On Fri, 2012-02-24 at 13:44 +0000, Daniele Varrazzo wrote:
Hello,
I'm using the CPython static analyzer on psycopg2 and it's being quite
helpful: so far it has discovered several quirks. They are mostly
relative to unlikely code paths, such as out of memory during module
import, nonetheless I'm trying to fix everything. Here is something to
report:
Thanks for trying it.
I should note that even the modules within Python's own standard library
don't seem to gracefully handle all possible out-of-memory errors during
initialization. In the mass analysis I've been doing on all python
extensions in Fedora 17 I wrote a triaging script (see
misc/fedora/makeindex.py), and I rate any errors that happen during
module initialization at a lower priority than those at other times.
I'll try to answer the various questions inline below.

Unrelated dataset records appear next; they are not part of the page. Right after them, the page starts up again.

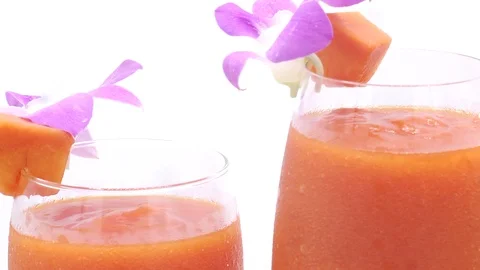 Papaya on white background rotating with blender and papaya smoothie Stock Footage 118773605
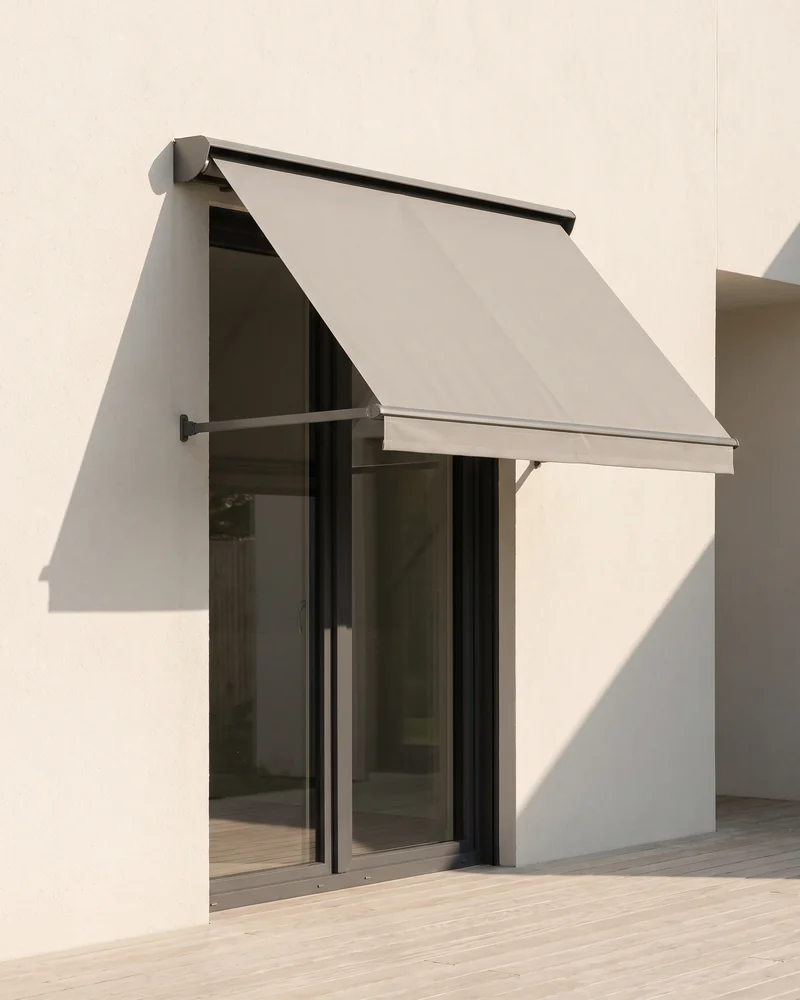 Retractable awning shading a window on a house exterior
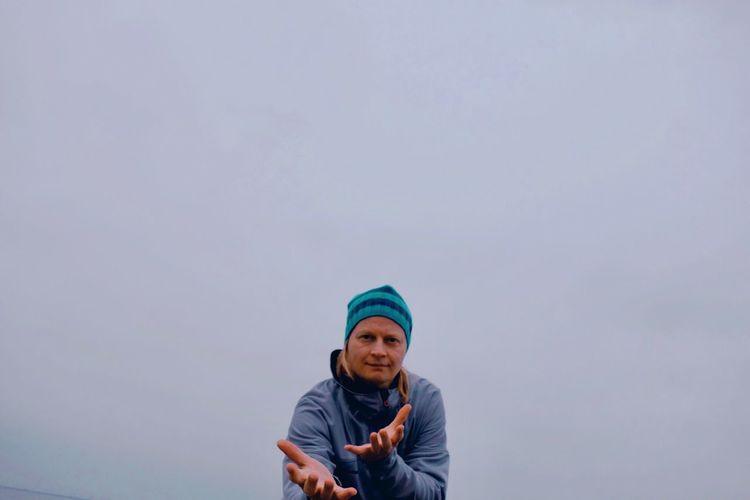 Portrait of man gesturing against sky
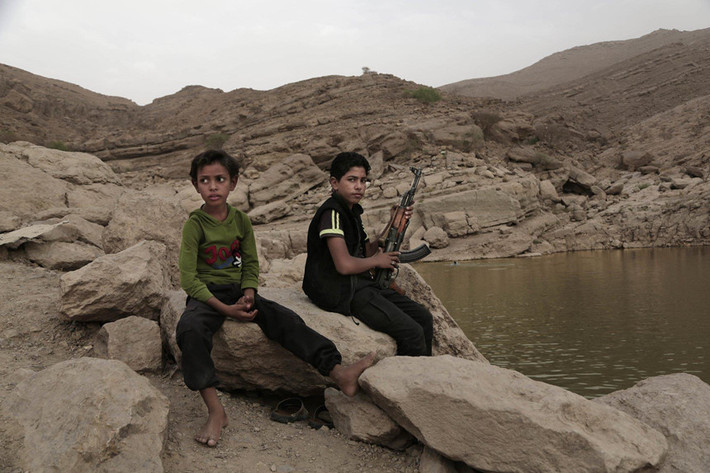 Một cậu bé cầm súng bên con đập ở thành phố Marib, Yemen. Nhiều người chú ý tới thảm họa nhân đạo do nạn đói gây ra trong cuộc nội chiến, nhưng những chiến binh trẻ em cũng là một phần đau thương của cuộc chiến này. Ảnh: AP.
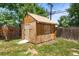 Backyard shed with ample storage space, built from plywood with a wooden door at 9320 Fir Dr, Thornton, CO 80229
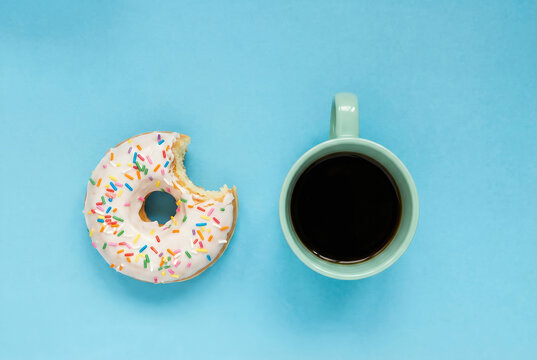 Minimalist flat lay of a bitten white glazed donut with colorful sprinkles and a cup of black coffee. Top view breakfast concept on a pastel blue background - Powered by Adobe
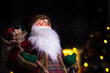 © stockyes - Santa Claus doll on christmas background with bokeh lights.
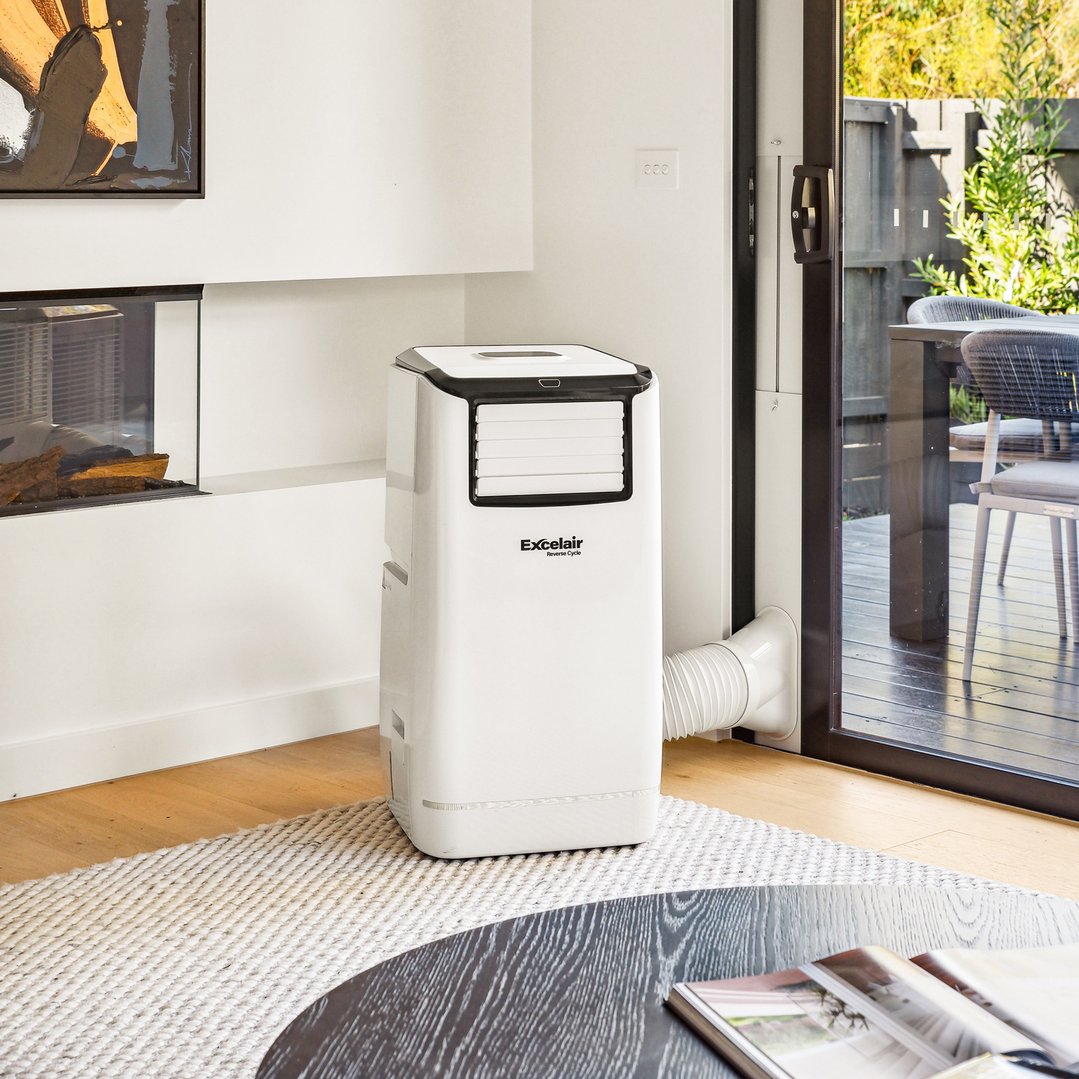White portable air conditioner in a living room with a fireplace and outdoor view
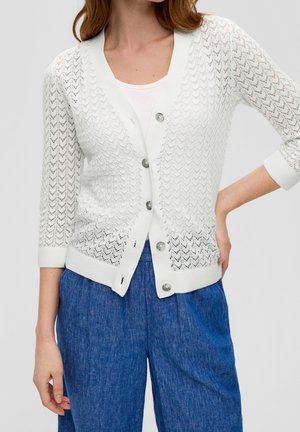 Vrouw draagt wit kantgebreid vest met knopen en driekwart mouwen over witte top en blauwe spijkerbroek, hand op heup.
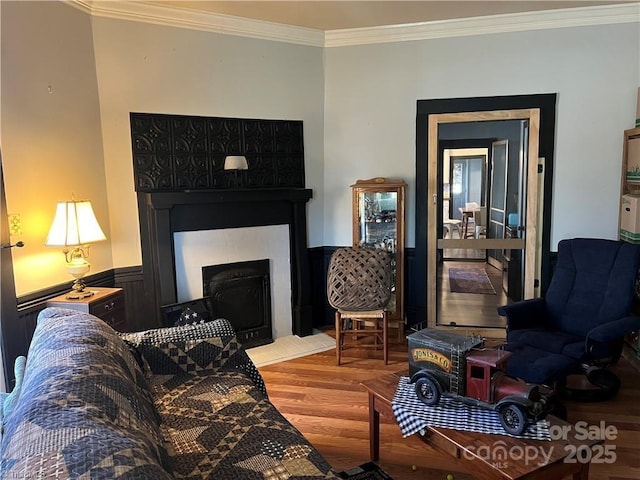 living area featuring wainscoting, a fireplace, crown molding, and wood finished floors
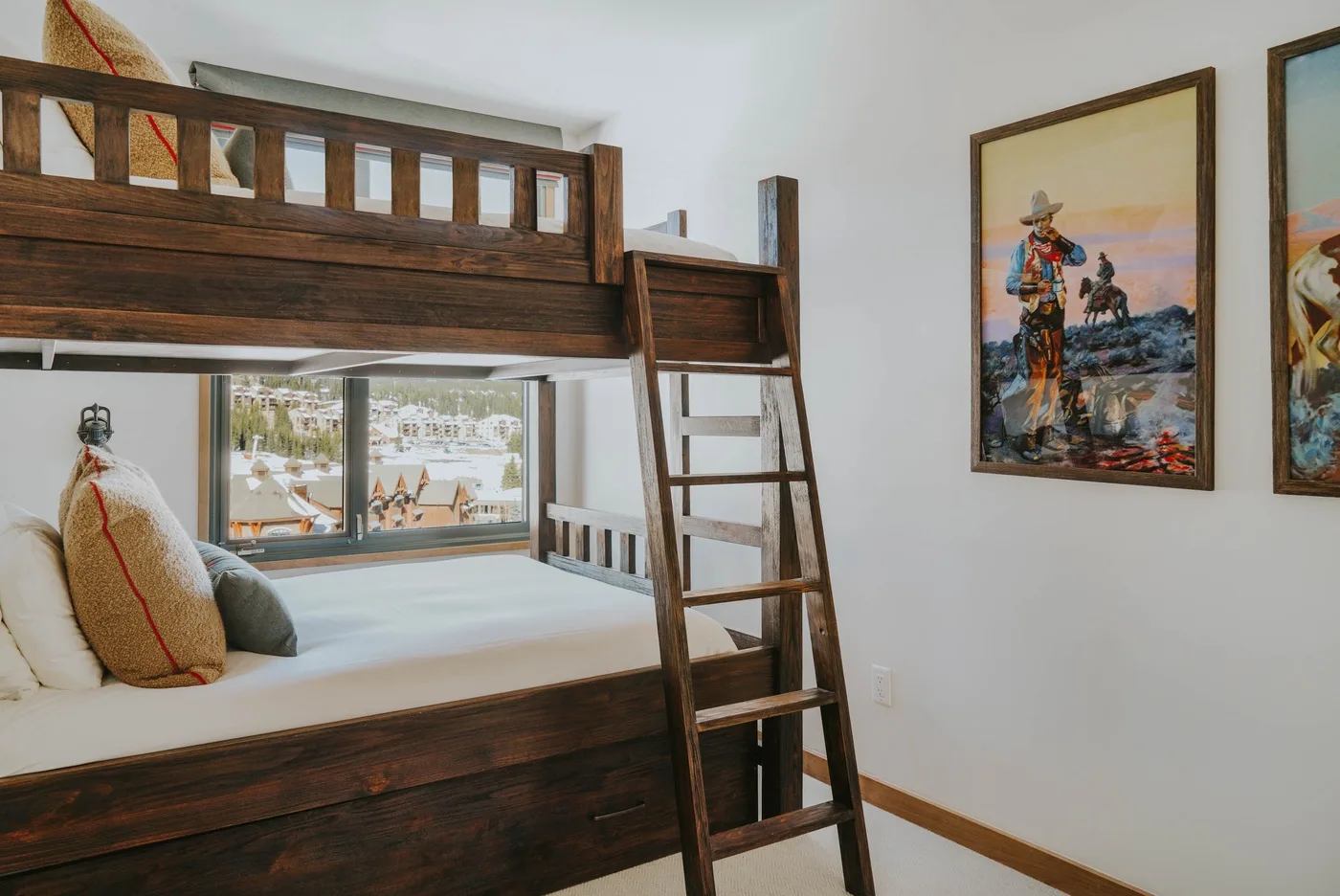 A bedroom with a dark wooden bunk bed and framed artwork on the wall.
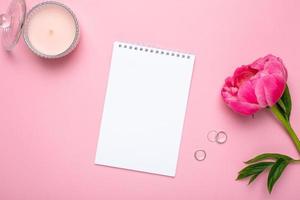 Beautiful pink peony flower and notebook with copy space for your text on pastel pink background photo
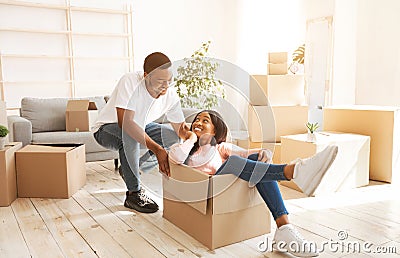 Black woman and her boyfriend playing together with cardboard box during relocation Stock Photo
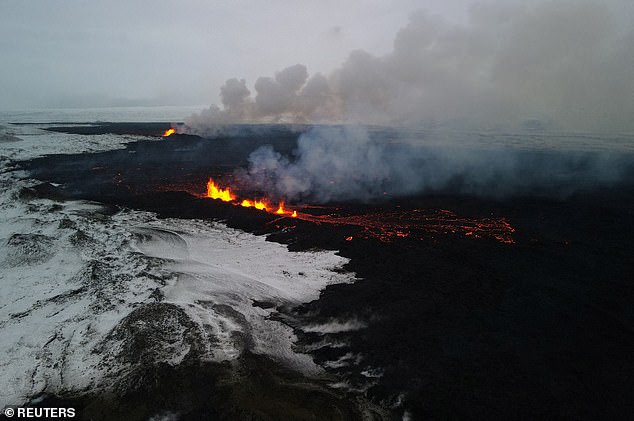 A drone photo shows lava spewing from the volcanic eruption site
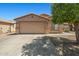 Charming single-story home featuring a spacious two-car garage and a well-maintained front yard at 43938 W Colby Dr, Maricopa, AZ 85138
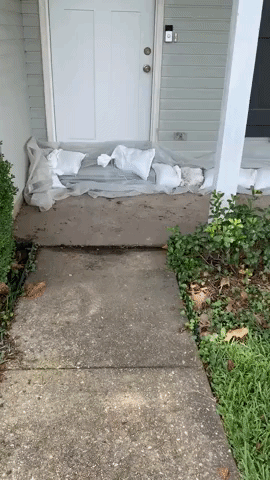 Baton Rouge Resident Prepares for Flooding Ahead of Hurricane Ida's Landfall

1. Running the repos head out-of-the-box, the program stops quite
early with an error. The attached steal-ref.patch resolves it, but I
don't know if the fix is correct.
2. The library uses PyWeakref_GetObject, returning a borrowed ref:
I've implemented it, with tests, in the other attached patch.
Thanks! This looks very good.
I spotted one minor issue with the patch, in the handling of the case of
a NULL argument:
self.state.raise_any_null_ptr_func_arg(stmt, 0, v_op,
why=invokes_Py_TYPE_via_macro(fnmeta,
'PyWeakref_Check'))
The above is the logic to use for a function that will segfault when
passed NULL for a given argument: the analysis will backtrack (if
necessary) to consider the NULL vs non-NULL case, and for the NULL case,
an exception will be raised which will be converted to a compile-time
warning.
Looking at the implementation of PyWeakref_GetObject in Python 2.6 and
2.7 (in hg), I see this logic:
PyObject *
PyWeakref_GetObject(PyObject *ref)
{
if (ref == NULL || !PyWeakref_Check(ref)) {
PyErr_BadInternalCall();
return NULL;
}
So it looks like this function gracefully handles a NULL input value
without segfaulting the interpreter: instead, an exception is raised via
PyErr_BadInternalCall (in recent versions of 2.6 and 2.7 at least)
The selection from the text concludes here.